In Adelaide's Central Market recently we discovered The Smelly Cheese Shop stall. We chatted to an English chap working there and he mentioned that they sometimes have my beloved English Cheshire cheese. We couldn't find any on their website, so my friend ordered me some Wensleydale and Red Leicester instead. It was delivered last week.

The courier handed me a large box made of polystyrene foam (aka styrofoam); so large I had to dive in to locate the cheeses – two 250 g pieces – amidst the packing straw (which is green and good and a million times better than foam 'peanuts') and two gel packs much larger than the cheese pieces. I suddenly had this vision of big plastic boxes carrying small pieces of cheese all over Australia, and I felt a mixture of anger and frustration and despair. Are we learning nothing from our plastic-filled birds and oceans?

So I rang The Smelly Cheese people. I told them how good their cheese was. I then expressed my concern about environmentally dodgy styrofoam: discarded polystyrene does not degrade for hundreds of years. There was a heavy silence at the other end. I asked if there was any chance of delivering future orders in, say, cardboard boxes, like our other cheese supplier does. The woman said she didn't think there was much chance of that. I explained that I would therefore not be able to place any more orders, affirming the reason why.

Instead of placating me by promising to pass on my comments, she had by now acquired the all-too-familiar defensiveness that many Aussies adopt if they perceive the faintest whiff of criticism. I explained that when I used the word 'you', I didn't mean her personally but the company.

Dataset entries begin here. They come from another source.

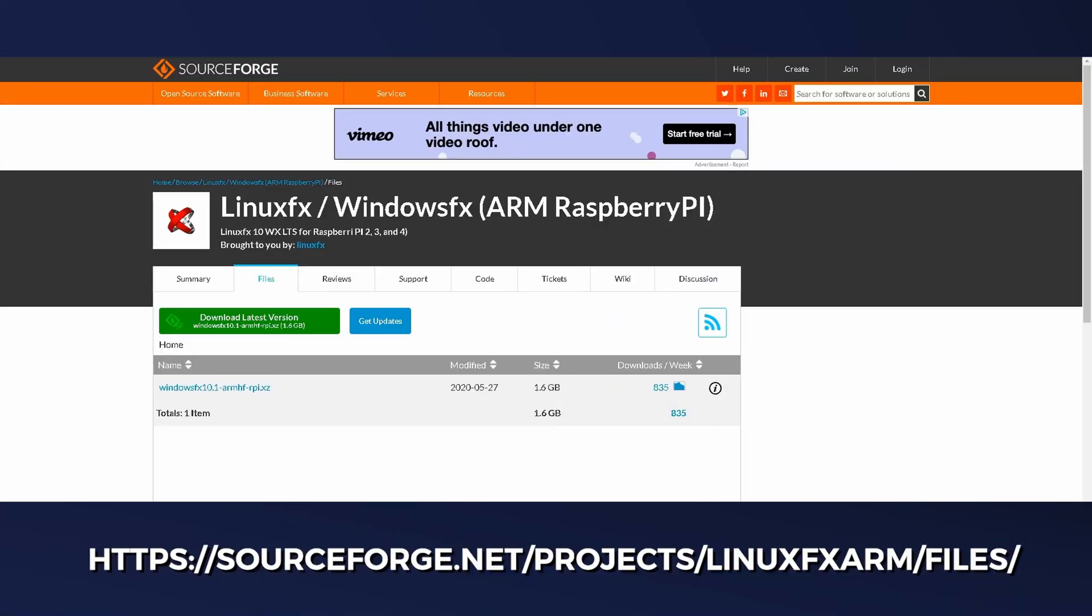Alright, if you want to get started with Windows FX for Raspberry Pi head over to sourceforge.net/projects/LinuxFXR/files. I'm going to leave a link in the description below so you don't have to remember all of that. Click on the green download button and it's a pretty big file, so it'll take a little while to fully download.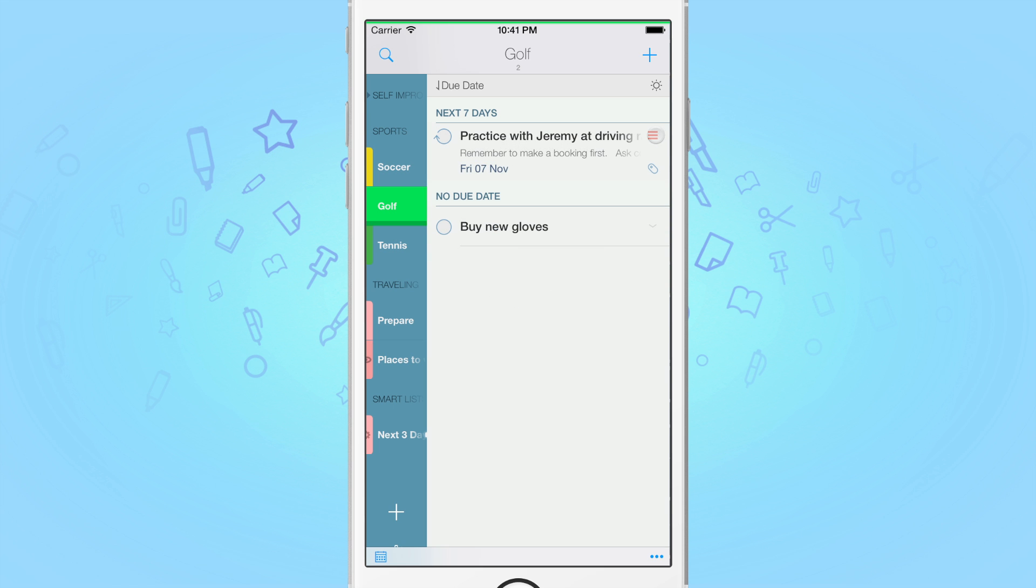This comes in really handy, especially after a brain dump session, to be able to prioritize your tasks without having to edit them individually, saving you time that you could spend on getting things done.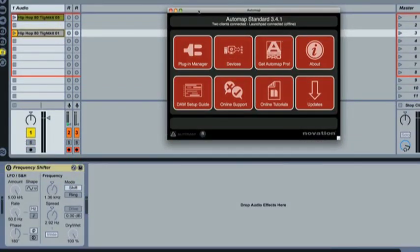Okay, so here we have a basic Live set. We've got two clips loaded in and in effect a frequency shifter plugin loaded. And also a copy of the Automap which is running.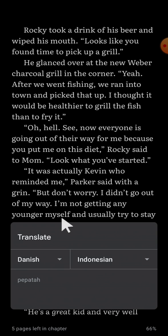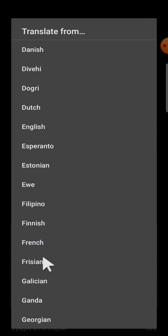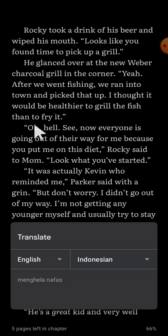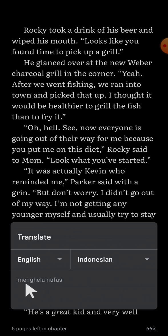Since this book is in English, I'm going to select English as the source language and translate from English to Indonesian. And this is the translation.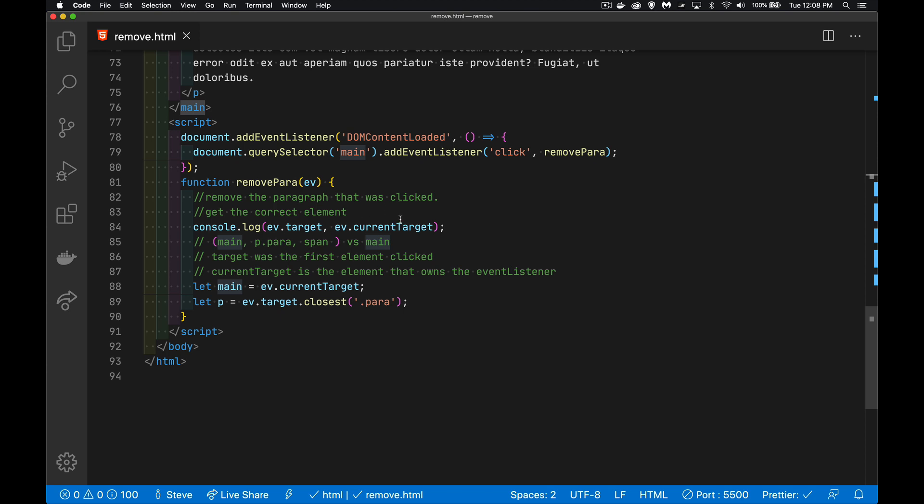Current target, that's the thing that owns the listener. Here, main is the thing that has the click listener added to it. So current target, regardless of where you click, current target is always going to be main. So how do we use these things and these two methods, remove and removeChild? Main, that's my current target. That is the main element, always. And I've got another variable here, p, which I want to represent the paragraph.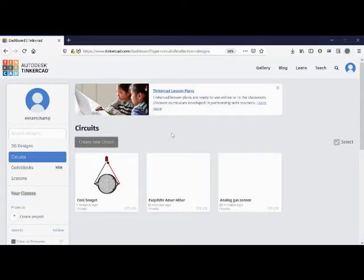Hello everyone. Today we will talk and learn about Tinkercad. Tinkercad is a free online collection of software. It helps us to think, create and make. And believe me, this is one of the best online available resources.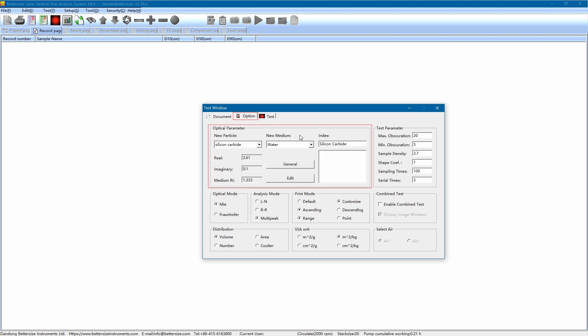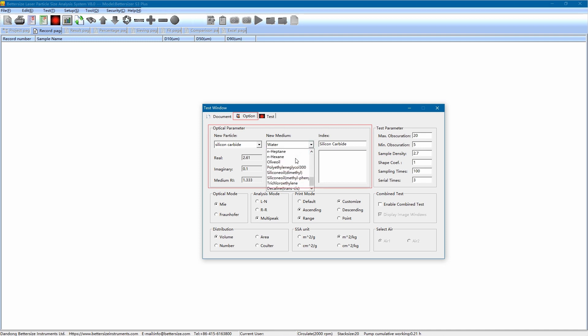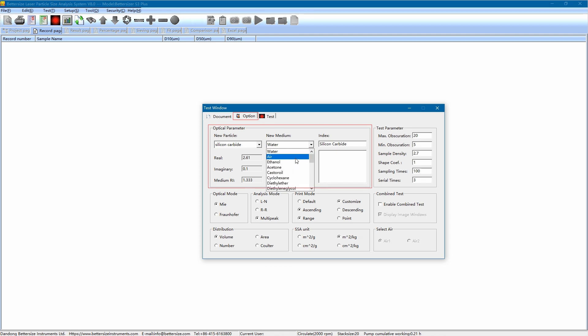As for the dispersion medium, it is to make the sample in a uniform, dispersed, and easy-to-transport state. Dispersion medium should be transparent without impurities, and make sure there's no chemical reactions between the sample and medium. There are many liquids that can be selected as the dispersion medium. For this measurement, we choose the most commonly used one, water. So, choose water as the dispersion medium, and the refractive index is shown here.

Another silence. I asked if she would pass on my comments. She agreed, but I wasn't sure she would, so I asked if it would be better to email my concerns. She sounded relieved not to be responsible, and, as it became clear she was about to get rid of me, thanked me disinterestedly for my feedback.

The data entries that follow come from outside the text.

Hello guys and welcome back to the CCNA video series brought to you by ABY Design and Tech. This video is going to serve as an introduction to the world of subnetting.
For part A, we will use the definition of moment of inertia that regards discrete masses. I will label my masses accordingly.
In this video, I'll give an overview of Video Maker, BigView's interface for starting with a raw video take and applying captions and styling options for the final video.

It's OK. I'm used to people reacting as if I'm an eccentric weirdo when I make complaints on behalf of the environment. A fruit loop. I am long past caring what people think, because I know that I am not alone and that I am right to be concerned. Next time the lady at The Smelly Cheese Shop takes a similar call, the penny might drop a little and perhaps she'll realise their packaging needs a rethink.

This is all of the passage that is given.